De regels van zo’n seance zijn simpel: deelnemers laten hun wijsvinger op de bodem van het omgekeerde glas rusten. Zonder druk uit te oefenen, want het is niet de bedoeling dat je het glas verschuift. Dat moet het spook doen. Het tikt letters aan om zinnen te vormen.
Ons medium vroeg of er een ‘geest’ aanwezig was. En verdomd. Het glas begon te bewegen, met onze vingers erop. Vastberaden! ‘Het’ bleek een ‘zij’. Een jonge vrouw, studente filosofie. Ze had zelfmoord gepleegd maar aarzelde af te reizen naar Het Licht. Ze worstelde met gevoelens die haar aan het aardse bonden. Smoorverliefd was ze.

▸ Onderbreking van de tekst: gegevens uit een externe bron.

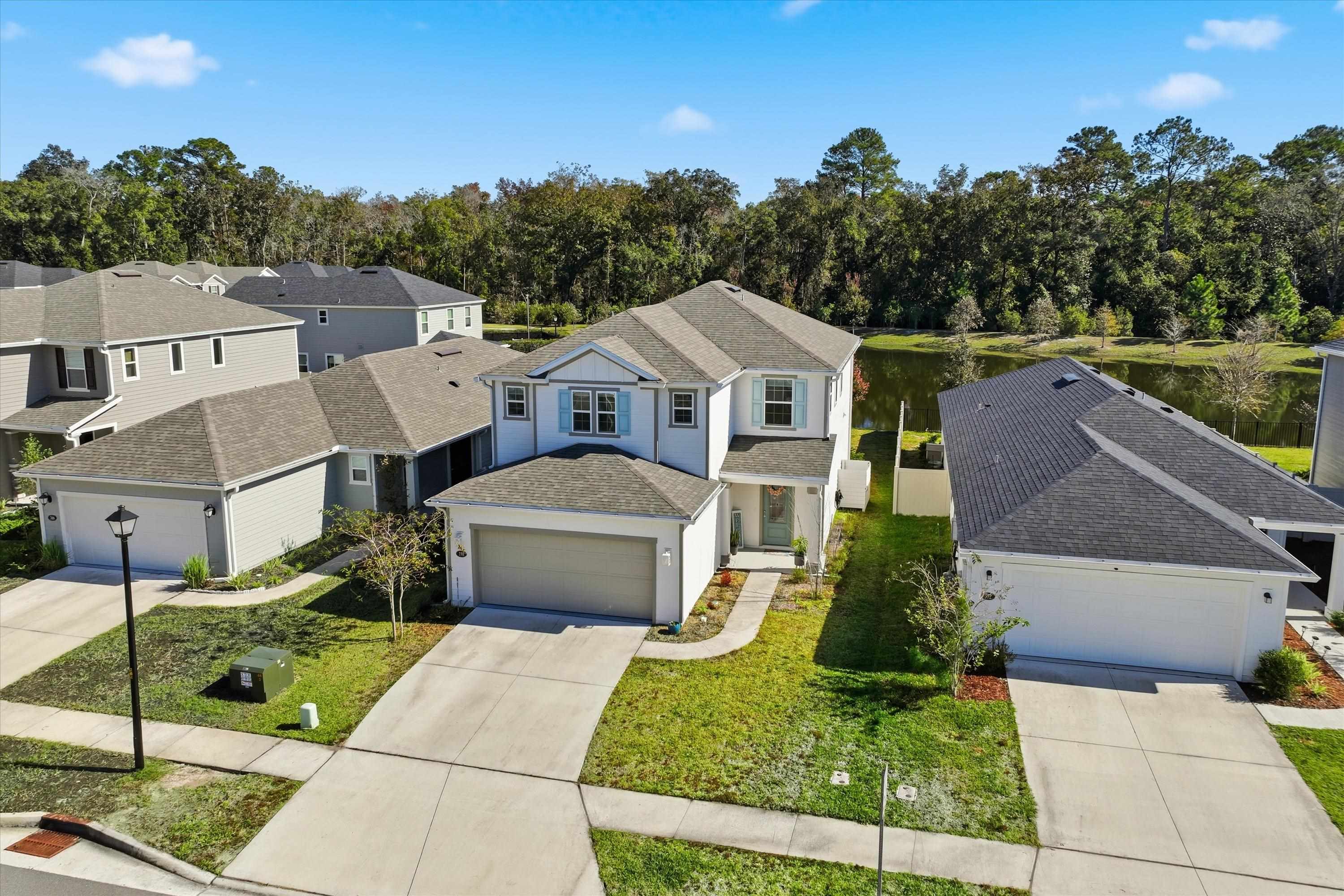 358 Rambling Brk Trail St. Johns, FL 32259 - Photo 30 of 39 a front view of a house with a yard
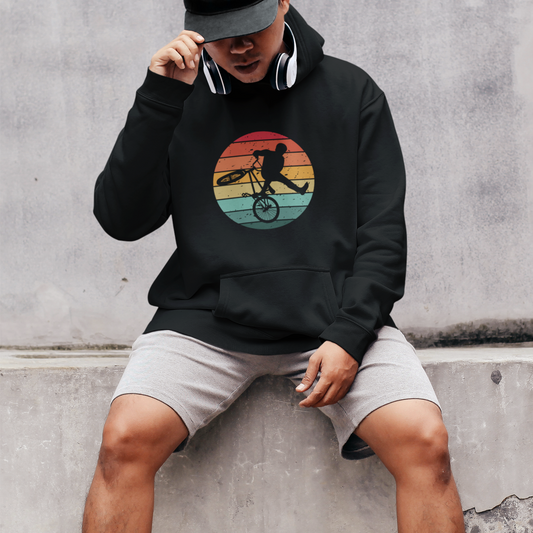Man wearing a black pullover hoodie with retro sunset circle and BMX rider silhouette performing a trick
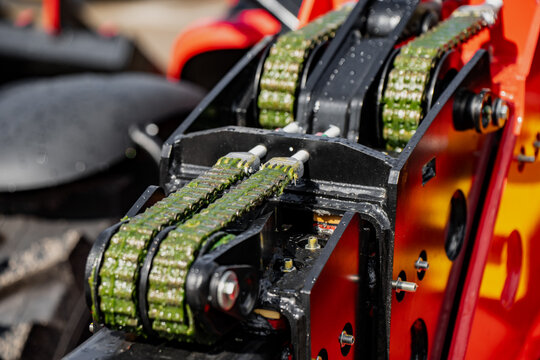 robust metal drive chains on a red industrial machine featuring generous application of green lubricating grease for gear maintenance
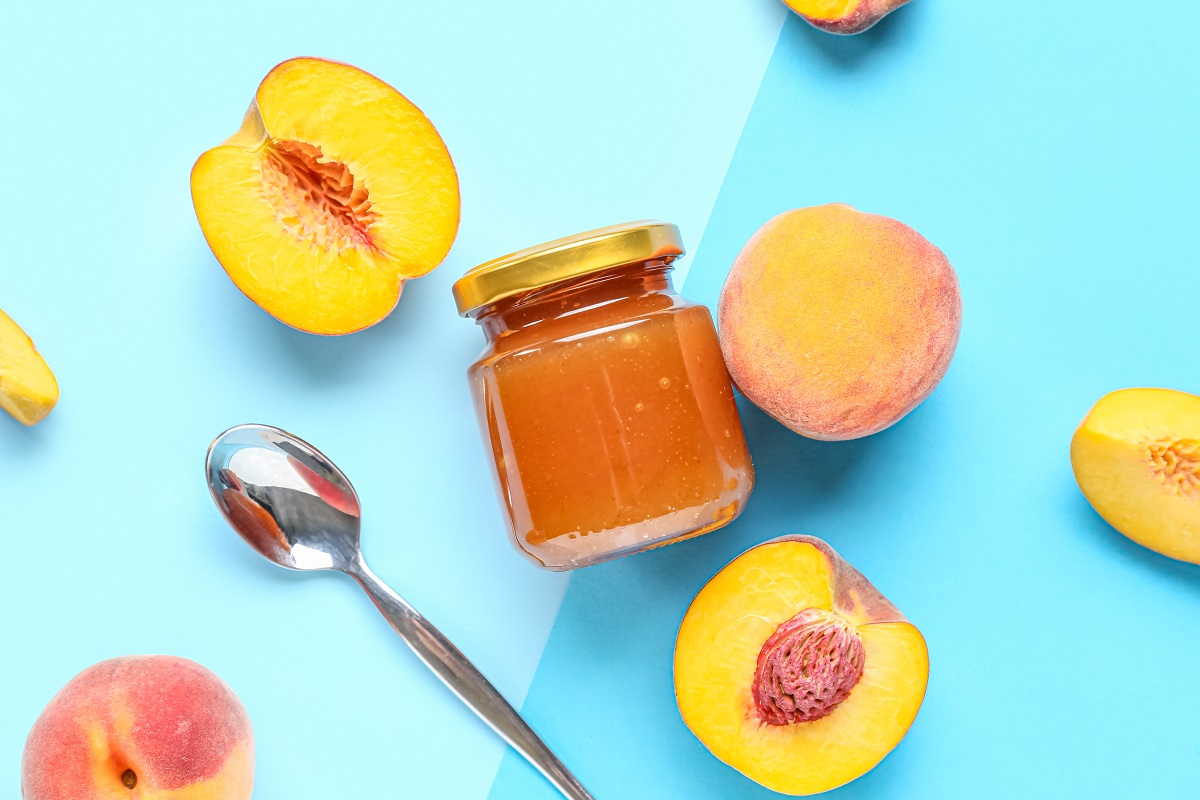 Composition,With,Glass,Jar,Of,Sweet,Peach,Jam,And,Fresh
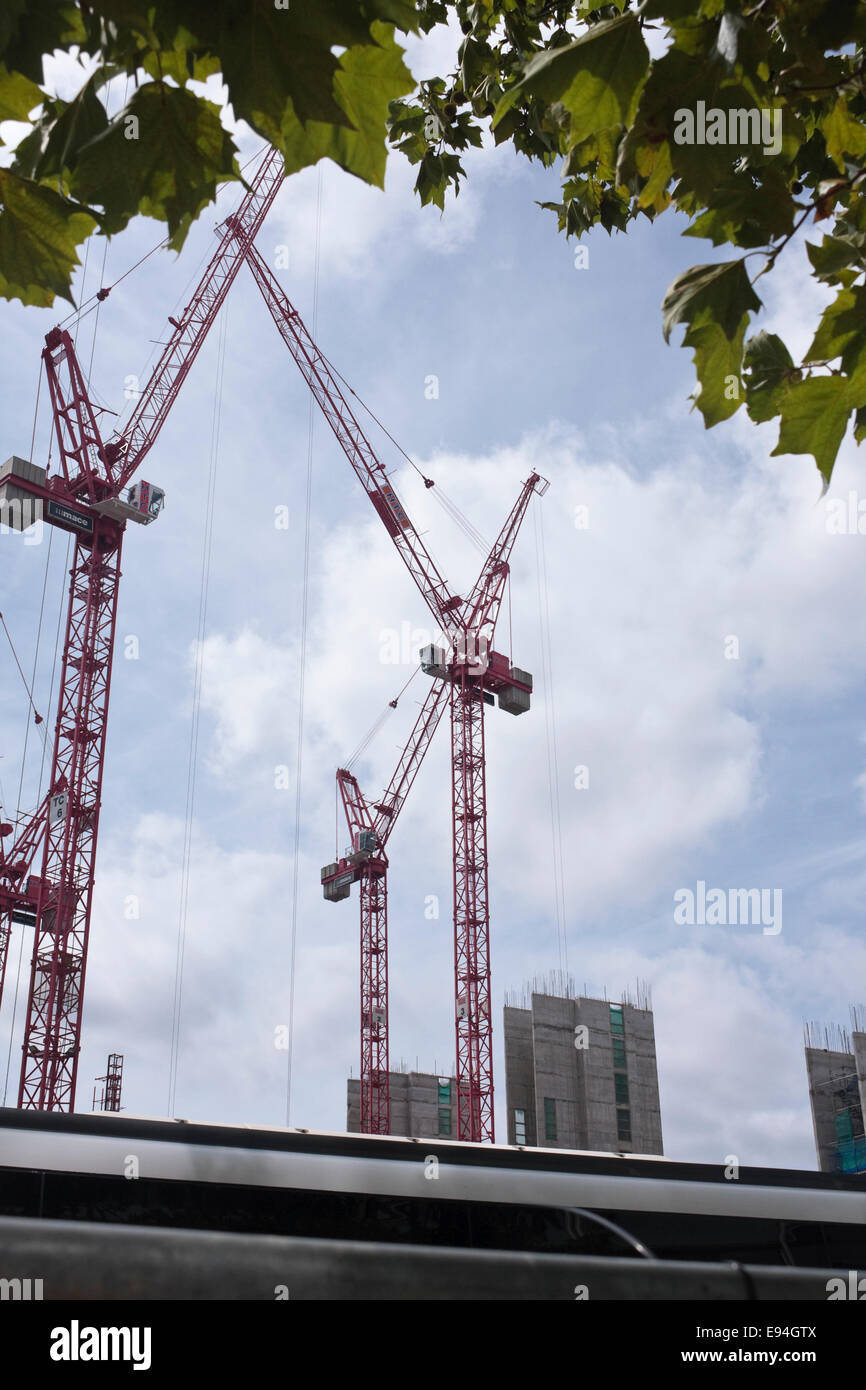 Red cranes on the construction site of 'Victoria Circle', Land Securities new buildings development of Victoria, London, UK Stock Photo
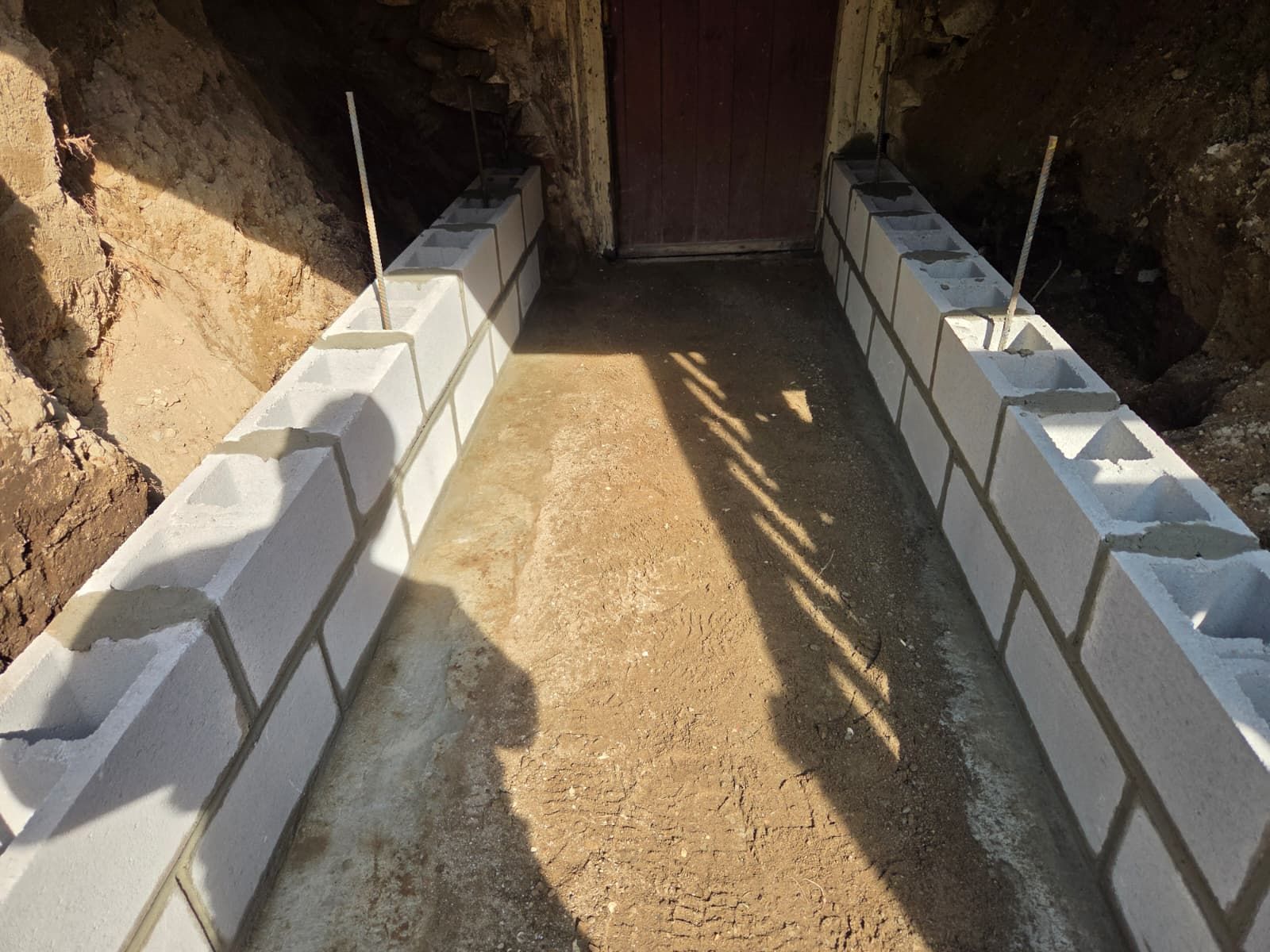 Concrete block walls forming a narrow trench leading to a wooden door in an earthen hillside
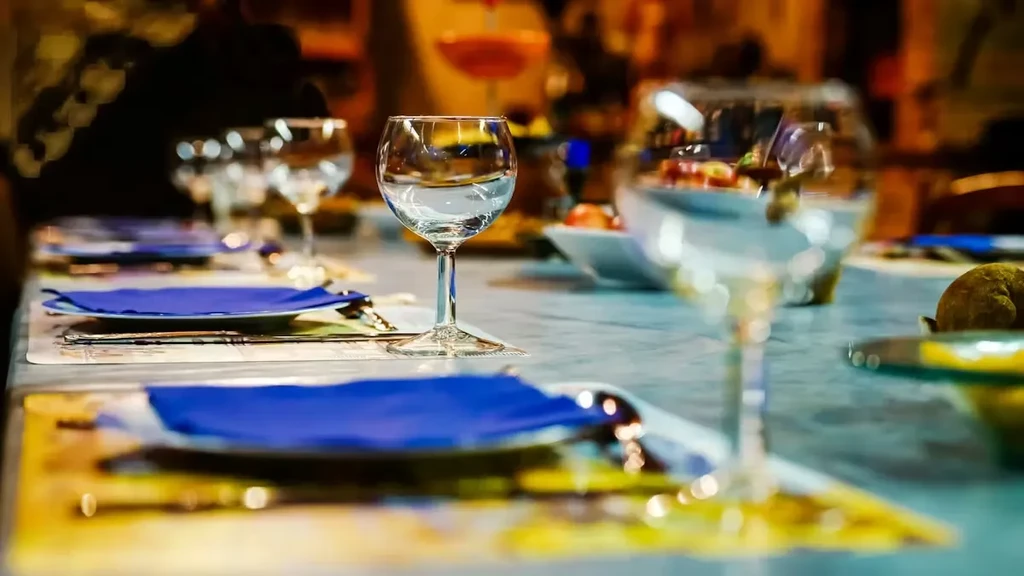 Close-up of a restaurant table with a water glass and warm lighting.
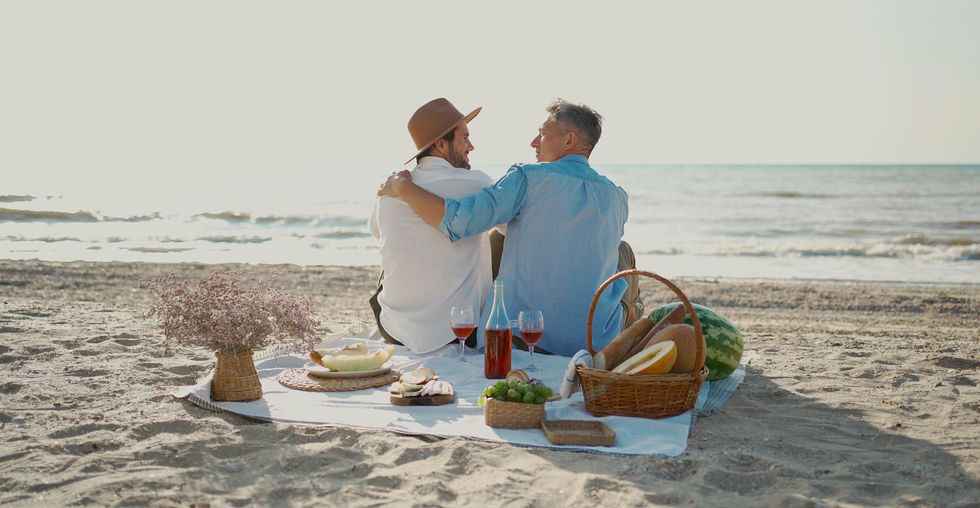 two men on a date at the beach
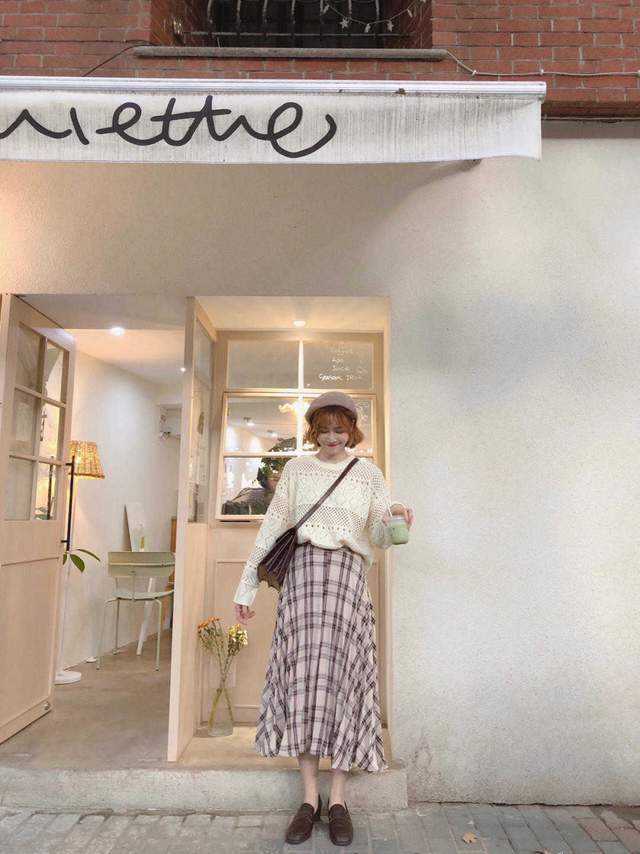 的作用 今秋怎么穿才漂亮?“格子裙+针织衫”简约洋气,美出了新高度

Op wie? Op een jongeman. Welke jongeman?
Toen de letters mijn naam vormden sloeg mijn hart over. Mijn wijsvinger begon te beven op het glas. Het spookmeisje vertelde over zichzelf. Dat ze haar gevoelens nooit had durven delen. Dat ze dodelijk verlegen was. Dat ze Slavische roots had. Type zigeunerin?
Na een uurtje communiceren vond ons medium het welletjes. De geest werd bedankt. De letters werden opgeruimd. De tv ging aan. Maar ik bleef met mijn gedachten bij mijn Roma. Verliefd zijn op een geest… hoe romantisch wil je het hebben.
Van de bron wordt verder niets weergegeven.